Robert Kubica powrócił na tor już podczas zeszłotygodniowego Grand Prix Holandii, zastępując chorego kolegę z zespołu Alfa Romeo Racing, Kimiego Räikkönena. Okazało się, że Kubica wystartuje również na torze Monza, na którym w 2006 roku wywalczył swoje pierwsze podium w F1.
W ubiegłą niedzielę Robert Kubica udowodnił, że nawet “z marszu” jest w stanie rywalizować z pozostałymi zawodnikami w stawce.

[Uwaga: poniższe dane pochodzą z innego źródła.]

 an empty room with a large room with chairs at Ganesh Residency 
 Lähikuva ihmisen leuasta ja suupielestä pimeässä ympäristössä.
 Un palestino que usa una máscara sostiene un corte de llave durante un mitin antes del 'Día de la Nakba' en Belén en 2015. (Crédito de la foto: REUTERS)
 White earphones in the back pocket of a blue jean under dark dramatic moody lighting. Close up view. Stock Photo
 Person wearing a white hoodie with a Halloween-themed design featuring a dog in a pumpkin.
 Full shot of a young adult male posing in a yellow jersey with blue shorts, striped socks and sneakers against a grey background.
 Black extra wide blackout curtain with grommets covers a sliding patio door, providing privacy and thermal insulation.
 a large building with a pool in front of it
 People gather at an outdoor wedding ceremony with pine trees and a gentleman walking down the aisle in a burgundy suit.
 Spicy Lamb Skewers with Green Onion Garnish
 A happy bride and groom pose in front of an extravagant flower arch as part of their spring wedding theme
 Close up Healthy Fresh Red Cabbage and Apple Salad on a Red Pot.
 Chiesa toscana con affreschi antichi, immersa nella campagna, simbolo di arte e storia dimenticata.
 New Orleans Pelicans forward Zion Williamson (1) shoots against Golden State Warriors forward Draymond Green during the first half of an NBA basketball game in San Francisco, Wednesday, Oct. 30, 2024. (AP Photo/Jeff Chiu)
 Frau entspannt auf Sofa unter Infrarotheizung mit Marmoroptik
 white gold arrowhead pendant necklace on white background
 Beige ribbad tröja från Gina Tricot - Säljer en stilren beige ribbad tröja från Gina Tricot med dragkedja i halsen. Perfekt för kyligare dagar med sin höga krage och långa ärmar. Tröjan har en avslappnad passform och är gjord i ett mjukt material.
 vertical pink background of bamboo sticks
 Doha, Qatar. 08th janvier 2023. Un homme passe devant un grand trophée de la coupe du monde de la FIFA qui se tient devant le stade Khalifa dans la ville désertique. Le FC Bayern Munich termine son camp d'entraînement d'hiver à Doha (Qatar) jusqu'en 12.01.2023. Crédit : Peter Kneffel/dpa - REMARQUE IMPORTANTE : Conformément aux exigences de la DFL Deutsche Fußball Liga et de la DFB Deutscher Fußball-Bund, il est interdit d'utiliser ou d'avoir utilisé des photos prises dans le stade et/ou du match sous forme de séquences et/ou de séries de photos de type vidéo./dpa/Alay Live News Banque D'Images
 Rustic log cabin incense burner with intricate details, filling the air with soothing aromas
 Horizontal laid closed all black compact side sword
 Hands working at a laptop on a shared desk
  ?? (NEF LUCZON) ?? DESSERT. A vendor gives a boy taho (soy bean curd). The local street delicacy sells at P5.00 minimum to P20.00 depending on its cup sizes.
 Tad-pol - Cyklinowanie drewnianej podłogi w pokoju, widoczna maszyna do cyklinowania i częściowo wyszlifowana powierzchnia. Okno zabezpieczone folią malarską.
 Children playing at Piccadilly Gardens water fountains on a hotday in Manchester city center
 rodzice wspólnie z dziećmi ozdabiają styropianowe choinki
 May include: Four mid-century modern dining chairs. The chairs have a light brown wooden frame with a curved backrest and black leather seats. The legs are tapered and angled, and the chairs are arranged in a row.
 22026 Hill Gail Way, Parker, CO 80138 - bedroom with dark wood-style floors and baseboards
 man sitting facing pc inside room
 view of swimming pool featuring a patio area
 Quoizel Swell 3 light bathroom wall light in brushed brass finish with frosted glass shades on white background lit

Jego bardzo dobra postawa nie umknęła uwadze światowych mediów i polskich kibiców, którzy liczyli na kolejny występ swojego ulubieńca.
Doczekali się! Już w najbliższy weekend Kubica usiądzie za kierownicą bolidu Alfa Romeo Racing i stanie do walki w wyścigu o Grand Prix Włoch na legendarnym torze Monza.
– W pierwszej kolejności chciałbym przekazać Kimiemu wyrazy wsparcia. Mam nadzieję, że jak najszybciej wyzdrowieje i wróci do kokpitu. Nie mogę się doczekać ścigania na Monzy – to niesamowity tor, na którym w 2006 roku po raz pierwszy stanąłem na podium Formuły 1. W przeciwieństwie do Zandvoort, znam go bardzo dobrze, co z pewnością mi pomoże. Tym bardziej, że format sprintu kwalifikacyjnego zmniejsza liczbę sesji treningowych. Jestem zadowolony z tego, co udało się osiągnąć w Holandii i nie mogę się już doczekać, aby ponownie pomóc zespołowi na Monzy – powiedział Robert Kubica.